LISTED ENTRIES:
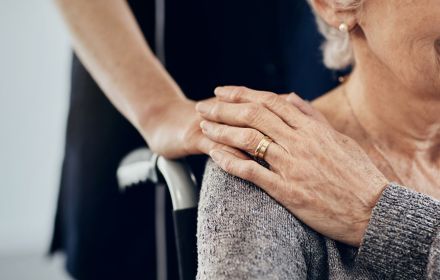 Future healthcare female caregiver comforting senior woman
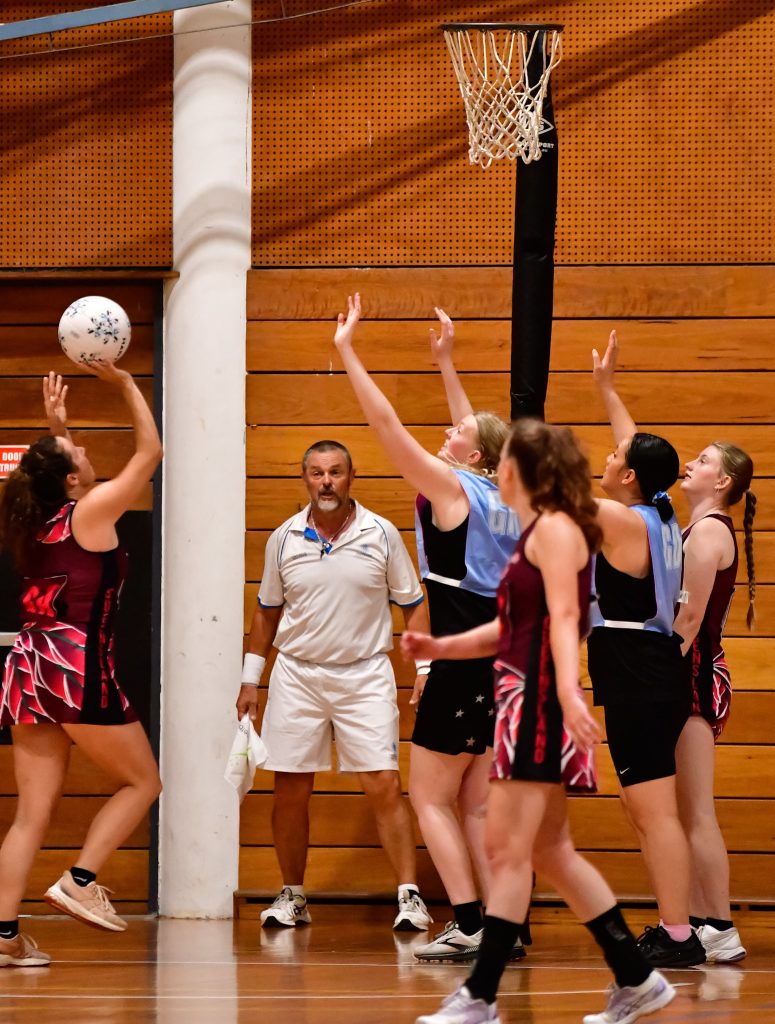 Umpire and Netball convenor, Larry Brown with flag at the ready. Image: Simon Leonard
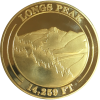 A Collectible Coin - RMNP Gold Ram with the words longs peak on it.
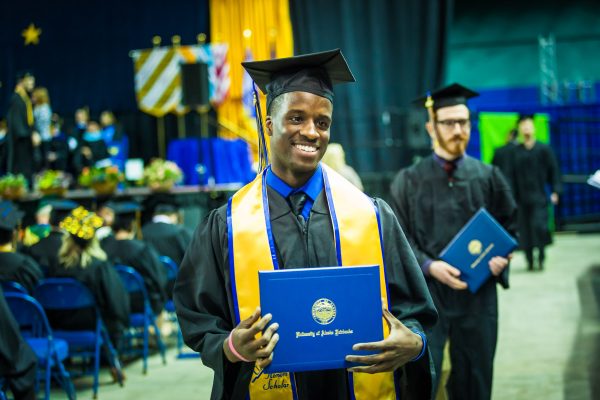 Farimang Touray Jr. is all smiles as he poses for his family's cameras during the 2017 UAF Commencement at the Carlson Center Saturday, May 6, 2017. UAF photo by JR Ancheta.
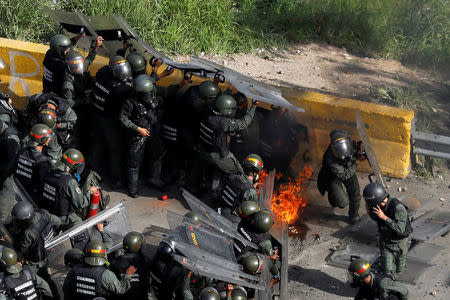 Riot security forces catch fire during a march to the state Ombudsman's office in Caracas, Venezuela May 29, 2017. REUTERS/Carlos Garcia Rawlins
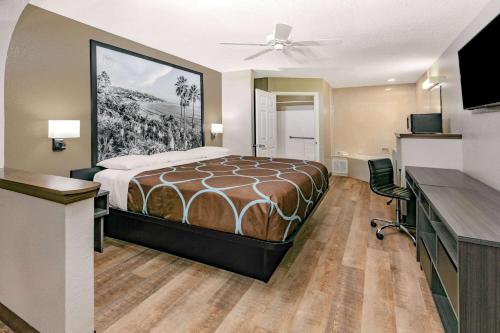 a hotel room with a bed and a desk at Super 8 by Wyndham Moss Point in Moss Point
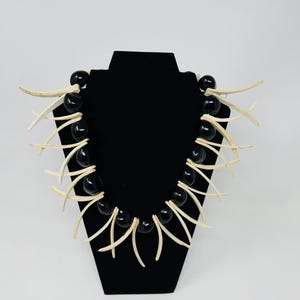 Samoan kukui Ula. Handmade Authentic Wood Sticks & Kukui Nut Beads Neckpiece. Samoan 22&quot; Ula. Tamaroa Neckpiece. Our Tagaloa Neckpiece..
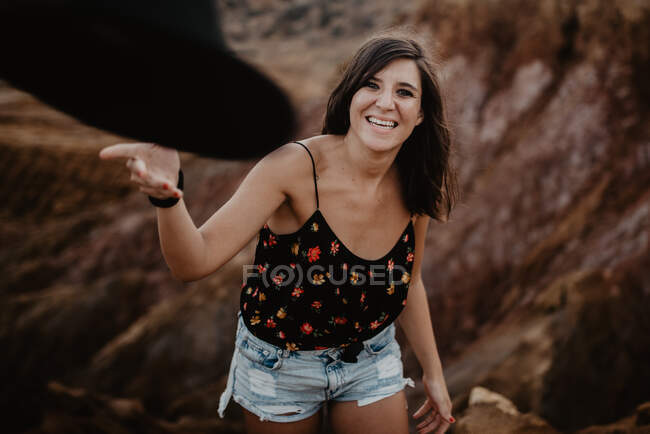 Счастливая уверенная стильная женщина в цветущей рубашке и джинсовых шортах смеется над камерой и бросает черную шляпу, стоя против размытого коричневого скалистого холма — стоковое фото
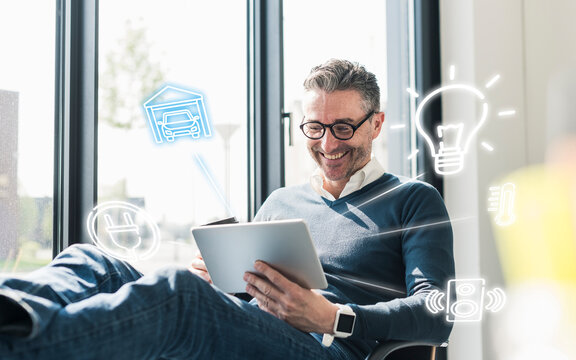 Man sitting in office, using digital tablet to remote-control his smart home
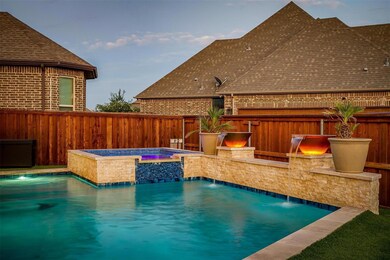 View of swimming pool featuring an in ground hot tub and pool water feature
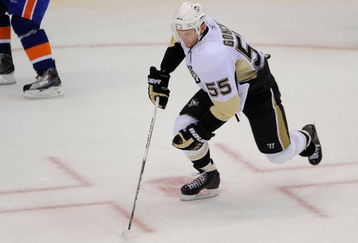 UNIONDALE, NY - OCTOBER 03:  Sergei Gonchar #55 of the Pittsburgh Penguins skates with the puck against the New York Islanders at an NHL hockey game at the Nassau Coliseum on October 3, 2009 in Uniondale, New York. The Penguins defeated the Islanders 4-3 in shootout overtime.  (Photo by Paul Bereswill/Getty Images)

EXERCISE OBJECTIVE: Among the entries above, copy exactly the stretch from the line holding "Farimang Touray Jr." through the line holding "Riot security forces", leaving out any pictures.

SOLUTION TO THIS EXERCISE:
 Farimang Touray Jr. is all smiles as he poses for his family's cameras during the 2017 UAF Commencement at the Carlson Center Saturday, May 6, 2017. UAF photo by JR Ancheta.
 Riot security forces catch fire during a march to the state Ombudsman's office in Caracas, Venezuela May 29, 2017. REUTERS/Carlos Garcia Rawlins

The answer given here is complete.